Significant: Anticholinergic effects (e.g. xerostomia, blurred vision, constipation, urinary retention), bone fractures, orthostatic hypotension, photosensitisation, mild pupillary dilation, hypomanic or manic episodes, bone marrow suppression. Cardiac disorders: Arrhythmias, sinus tachycardia, palpitations, conduction disorders (e.g. bundle branch block, widening of QRS complex, PR changes). Eye disorders: Decreased lacrimation, blurred vision, visual accommodation disorder. Gastrointestinal disorders: Nausea, vomiting, diarrhoea. General disorders and administration site conditions: Fatigue. Investigations: Increased weight, abnormal ECG and LFT. Metabolism and nutrition disorders: Anorexia. Nervous system disorders: Dizziness, headache, sedation, somnolence, tremor, paraesthesia. Psychiatric disorders: Anxiety, agitation, euphoria, confusion, delirium, disorientation, hallucinations, restlessness, sleep disorder. Renal and urinary disorders: Micturition disorder. Reproductive system and breast disorders: Libido disorder. Skin and subcutaneous tissue disorders: Hyperhidrosis, rash, urticaria. Vascular disorders: Hot flushes.
Potentially Fatal: Suicidal ideation or behaviour, serotonin syndrome.

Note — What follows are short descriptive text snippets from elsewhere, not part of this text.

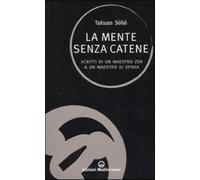 La mente senza catene. Scritti di un maestro Zen a un maestro di spada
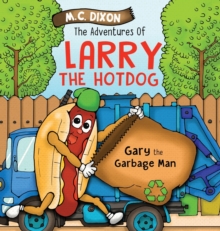 The Adventures of Larry the Hot Dog : Gary the Garbage Man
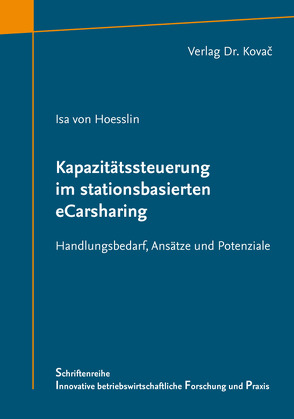 Kapazitätssteuerung im stationsbasierten eCarsharing von von Hoesslin,  Isa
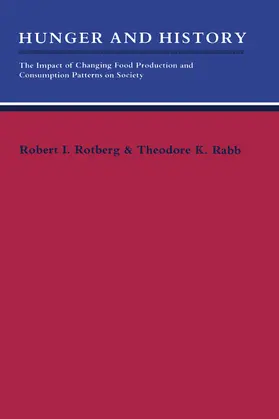 Rotberg / Rabb |  Hunger and History | Buch |  Sack Fachmedien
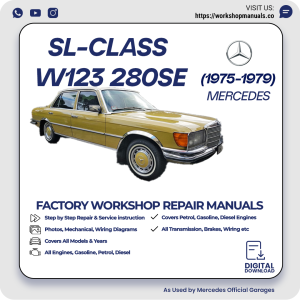 Mercedes W123 280SE Workshop Repair Manual 1975-1979 PDF Download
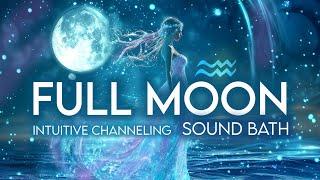 Full Moon in Aquarius Sound Bath (432Hz) Intuitive Channeling Astrology - Ocean Waves Water Sounds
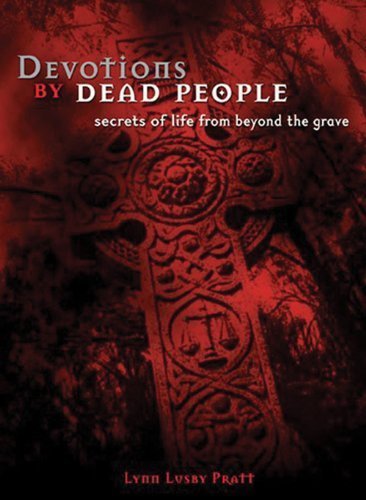 Devotions by Dead People: Secrets from Life Beyond the Grave by Lynn Lusby Pratt image 0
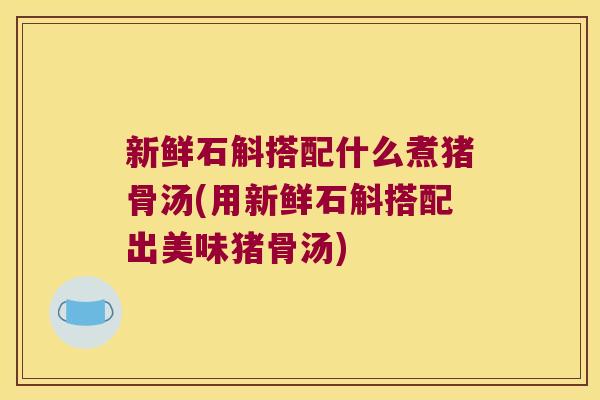 新鲜石斛搭配什么煮猪骨汤(用新鲜石斛搭配出美味猪骨汤)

May reduce the antihypertensive effects of methyldopa, clonidine, bethanidine, guanethidine, debrisoquine, and reserpine. May potentiate the CV effects of sympathomimetic agents (e.g. epinephrine, ephedrine, phenylephrine). May potentiate the effects of CNS depressants (e.g. benzodiazepines, barbiturates, general anaesthetics), phenothiazine, antiparkinsonian agents (e.g. biperiden), antihistamines, atropine. May potentiate the anticoagulant effect of coumarins. May increase the serum concentrations of phenytoin or carbamazepine. SSRIs (e.g. fluoxetine, fluvoxamine, paroxetine), neuroleptic agents (e.g. phenothiazine), β-blockers (e.g. propranolol, labetalol), cimetidine, Ca channel blockers (e.g. verapamil, diltiazem), methylphenidate may increase the plasma concentration of imipramine. Drugs that activate the hepatic mono-oxygenase enzyme system (e.g. phenytoin, nicotine, oral contraceptives) may accelerate the metabolism thereby decrease plasma concentration and decreased efficacy of imipramine. Oral antifungals (e.g. terbinafine) may increase the exposure and accumulation of imipramine. QT-prolonging drugs (e.g. cisapride, thioridazine, cotrimoxazole) may induce tachycardia and Torsades de pointes. May increase the risk of postural hypotension with diuretics.

Antidepressants

N06AA02 - imipramine ; Belongs to the class of non-selective monoamine reuptake inhibitors. Used in the management of depression.